⟨

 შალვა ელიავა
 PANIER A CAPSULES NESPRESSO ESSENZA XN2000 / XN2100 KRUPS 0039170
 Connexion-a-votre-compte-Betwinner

⟩
⟨

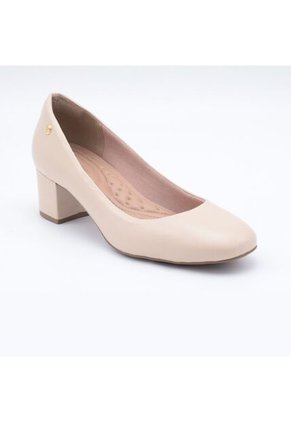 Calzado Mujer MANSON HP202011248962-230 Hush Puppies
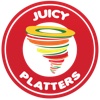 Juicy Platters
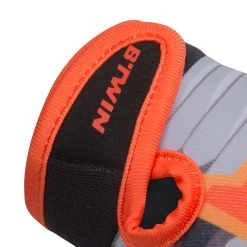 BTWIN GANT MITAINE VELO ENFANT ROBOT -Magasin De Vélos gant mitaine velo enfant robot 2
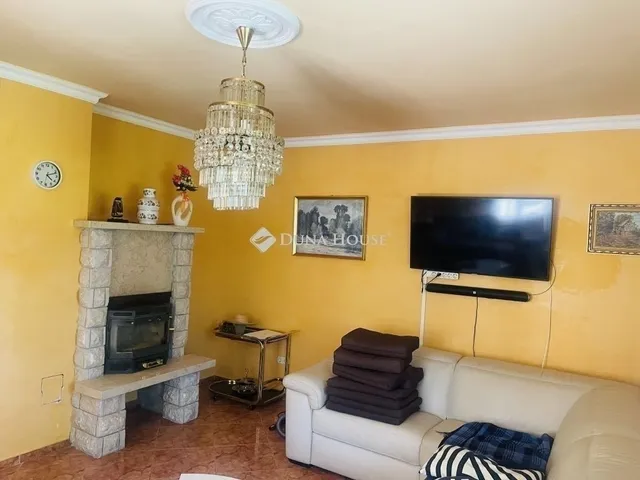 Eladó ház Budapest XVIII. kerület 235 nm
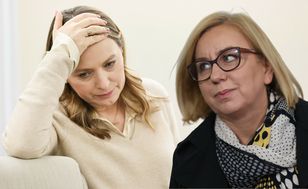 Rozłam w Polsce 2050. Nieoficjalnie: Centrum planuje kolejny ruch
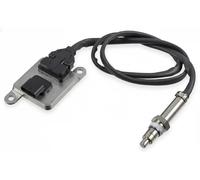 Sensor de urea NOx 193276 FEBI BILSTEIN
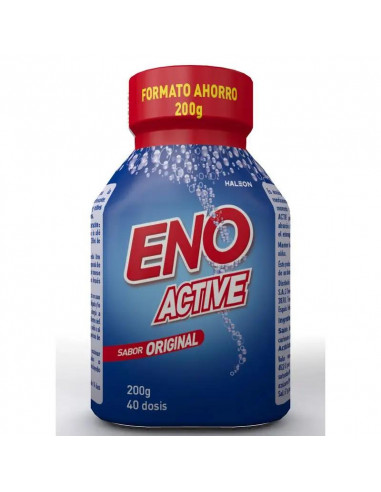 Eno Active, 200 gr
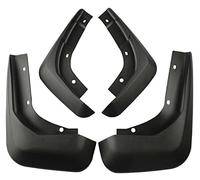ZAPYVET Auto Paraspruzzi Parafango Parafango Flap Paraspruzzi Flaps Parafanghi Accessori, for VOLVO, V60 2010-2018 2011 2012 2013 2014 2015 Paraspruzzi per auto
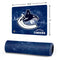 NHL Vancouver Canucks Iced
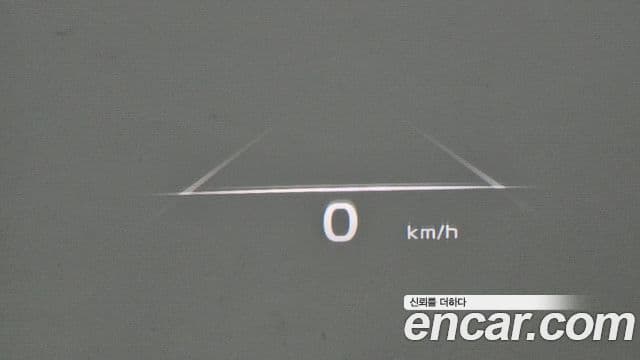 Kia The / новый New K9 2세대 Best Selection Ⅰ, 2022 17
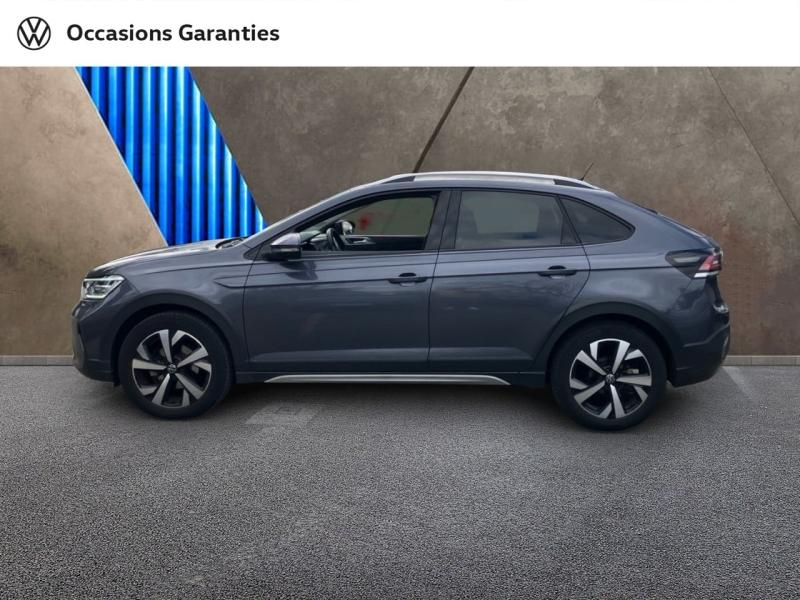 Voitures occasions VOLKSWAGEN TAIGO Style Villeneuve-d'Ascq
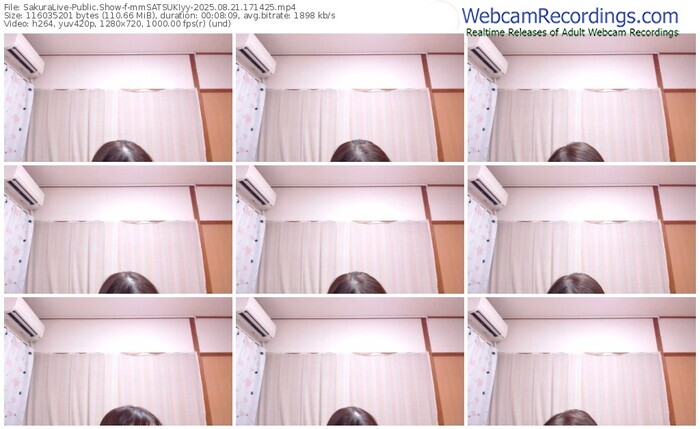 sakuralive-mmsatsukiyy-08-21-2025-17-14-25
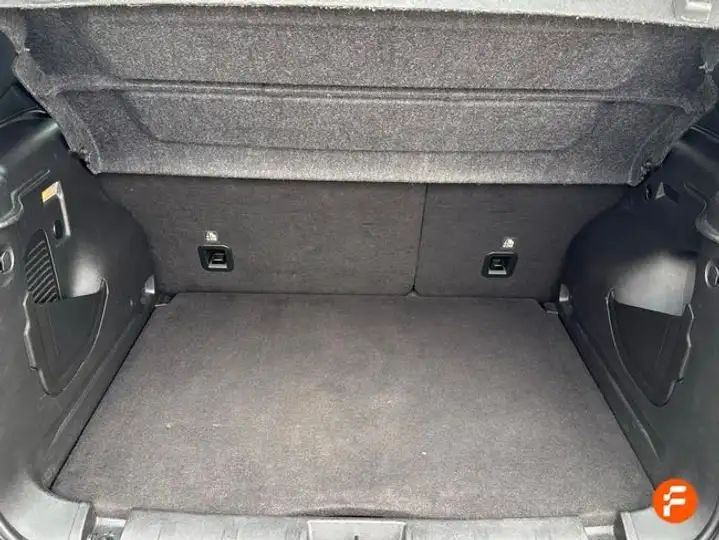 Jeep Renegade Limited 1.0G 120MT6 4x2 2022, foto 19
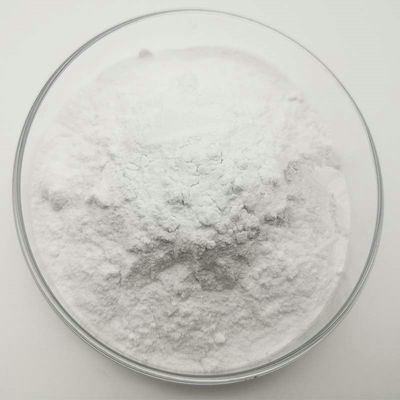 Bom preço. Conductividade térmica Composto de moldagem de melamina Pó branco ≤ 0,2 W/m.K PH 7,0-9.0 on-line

⟩
⟨

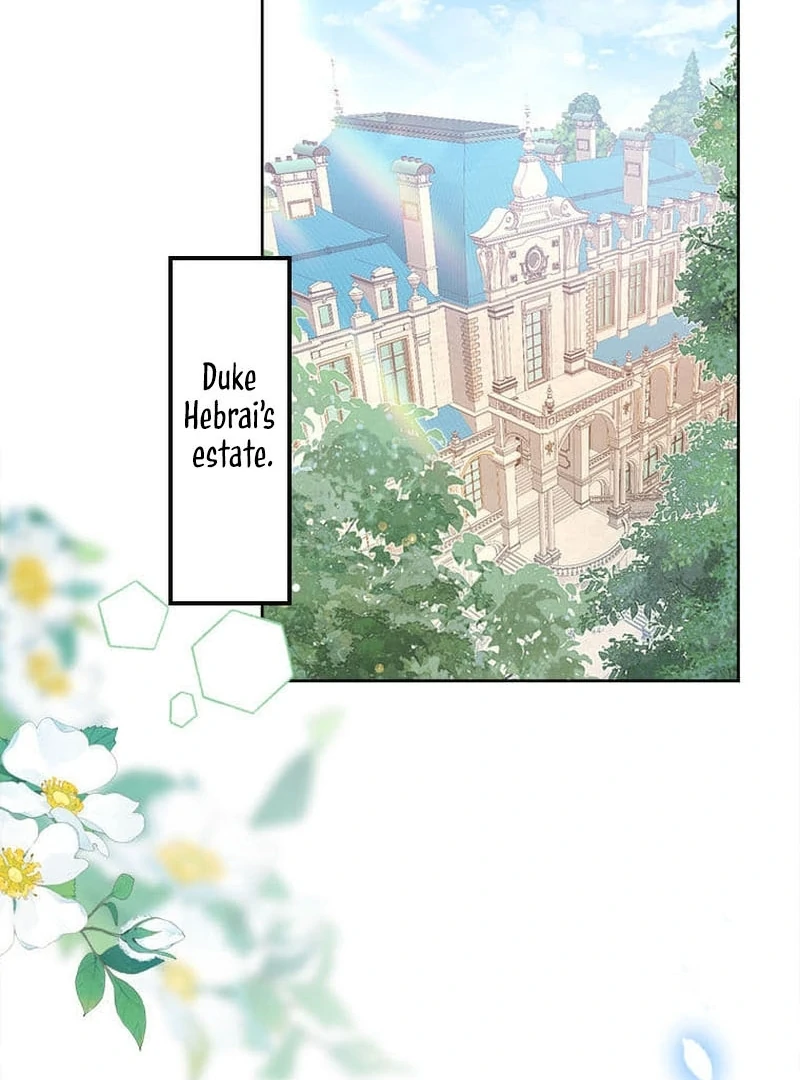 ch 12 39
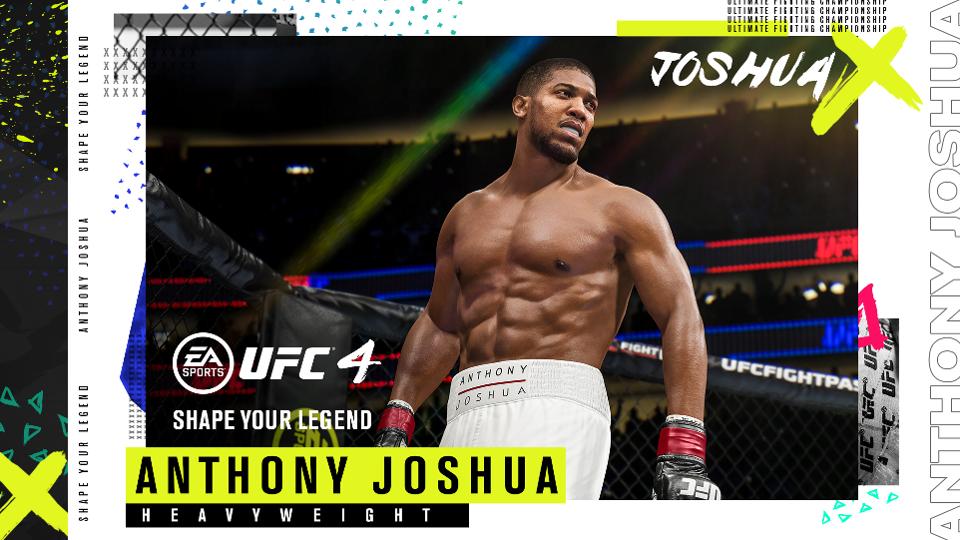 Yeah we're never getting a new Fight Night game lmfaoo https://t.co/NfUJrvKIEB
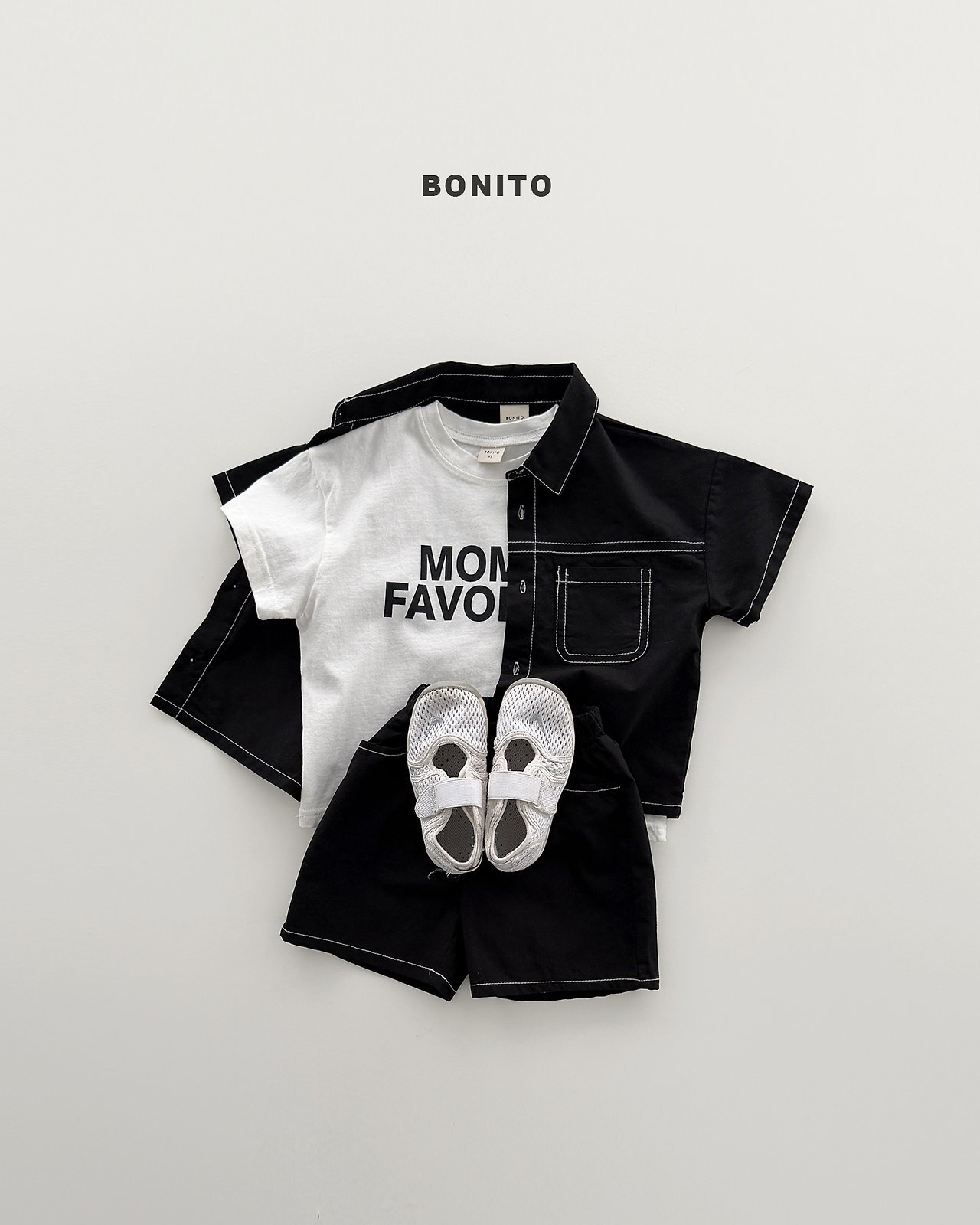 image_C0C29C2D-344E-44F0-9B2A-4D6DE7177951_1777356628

⟩

- [WORK INSTRUCTION]: Look above for the line containing "Juicy Platters" and the line containing "Voitures occasions VOLKSWAGEN", then reproduce both and everything between them exactly, pictures omitted.

- [OUTPUT OF THE EXERCISE]:
 Juicy Platters
 BTWIN GANT MITAINE VELO ENFANT ROBOT -Magasin De Vélos gant mitaine velo enfant robot 2
 Eladó ház Budapest XVIII. kerület 235 nm
 Rozłam w Polsce 2050. Nieoficjalnie: Centrum planuje kolejny ruch
 Sensor de urea NOx 193276 FEBI BILSTEIN
 Eno Active, 200 gr
ZAPYVET Auto Paraspruzzi Parafango Parafango Flap Paraspruzzi Flaps Parafanghi Accessori, for VOLVO, V60 2010-2018 2011 2012 2013 2014 2015 Paraspruzzi per auto
 NHL Vancouver Canucks Iced
 Kia The / новый New K9 2세대 Best Selection Ⅰ, 2022 17
 Voitures occasions VOLKSWAGEN TAIGO Style Villeneuve-d'Ascq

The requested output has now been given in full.